②異常報告書の数を半減から半減へとする活動を続ける。1つの工程の不良率は0.1%以下またはゼロを目標とする。(ここの目標は、現状を見てというより、次工程の研究を進める。)
③要すれば工程能力研究を行い、工程能力指数を1.3以上とする。
④作業標準の質をあげ、守る方法を研究する.
⑤プロセスチェックを組織的に実施する。
(1)すべての異常を報告する制度を作り上げる。
加工、停滞、運搬、検査工程で発生するすべての異常を報告書にまとめ、これを長に報告する制度を設ける。長が多忙のため、まとめ解析が出来ないようであれば、この時点で進め方を再考する。このシステムを作ることで、製造部門の意識革命ができる。報告書の内容は以下の項目があればよい。
①発生年月日、時刻 ②発生工程、機械 ③ロット番号、製造指示書番号 ④内容 ⑤原因(明らかな場合) ⑥処置 ⑦製品発生箇所 ⑧作業者 ⑨その他
(2)異常報告書の件数の半減から半減への活勣をつづける異常報告書を不良種類別、機械別などに分類し、件数の大きなものからとりあげる。取り上げ方は関係者とともに行う。現場の観察、KJ法などを用いて現場の人たちの意見(これまで困ったこと、気にかかること、関係がありそうだといったすべてのこと)を吸い上げる。これらの1つ1つの項目をあげて必要な処置を行なう。(ミクロ管理という人がある)
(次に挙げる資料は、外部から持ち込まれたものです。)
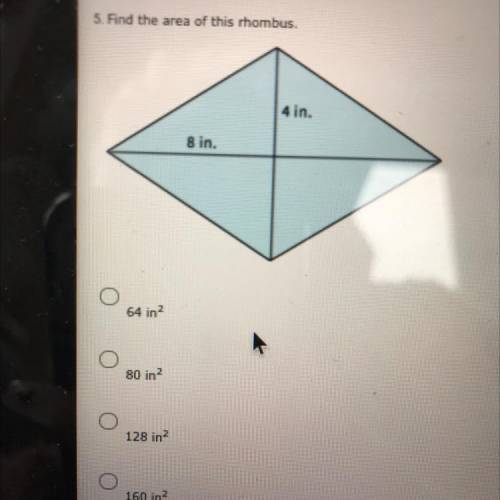 Need help now Find the area of a rhombus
これらを行っても不良率“グラフの点”が動かなければ“バラツキの世界”に問題があるのではなく、品質設計、製造設計に問題があるとみてよい。たとえば配合の変更をするのは製造に基因するバラツキの原因をすべて処理してのちの処置としなければならない。
なお、現場の長は、現時点でどの程度の異常検知能力があるか。常に摑んでおくことは当然の業務である。
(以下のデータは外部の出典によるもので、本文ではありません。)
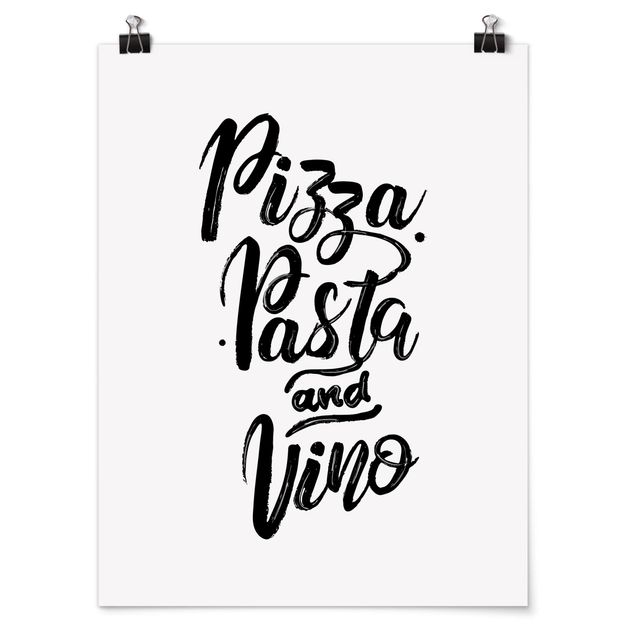 Obrazki czarno białe Pizza Pasta i Vino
(3)工程能力研究を行ない、工程能力指数を1.3以上とする。
工程能力とは作業か統計的な管理状態にあるときの工程の正常な動き、すなわち外部原因によって妨げられることなく作業し得たときにつくり出される結果である。
工程能力は不良率とか分布(Xとσ)で表されるが、後者の場合は、狭めることのできないひろがりをもった分布をいう。(せばめることのできないとは、経済上これ以上せばめられない意味である。)
工程能力研究は工程能力1.3へ近づける研究である。異常報告書の件数の半減活動をすすめていくうちに、多くの場合1つまたは2つの工程で異常報告書の件数が減らない個所がでてくる。この工程に目をつけて工程能力研究を行う。
工程能力研究には管理図を利用するとよい。
工程能力指数が1.3以上であれば選別作業を全数やめて、抜取に移行するか、検査を省略する。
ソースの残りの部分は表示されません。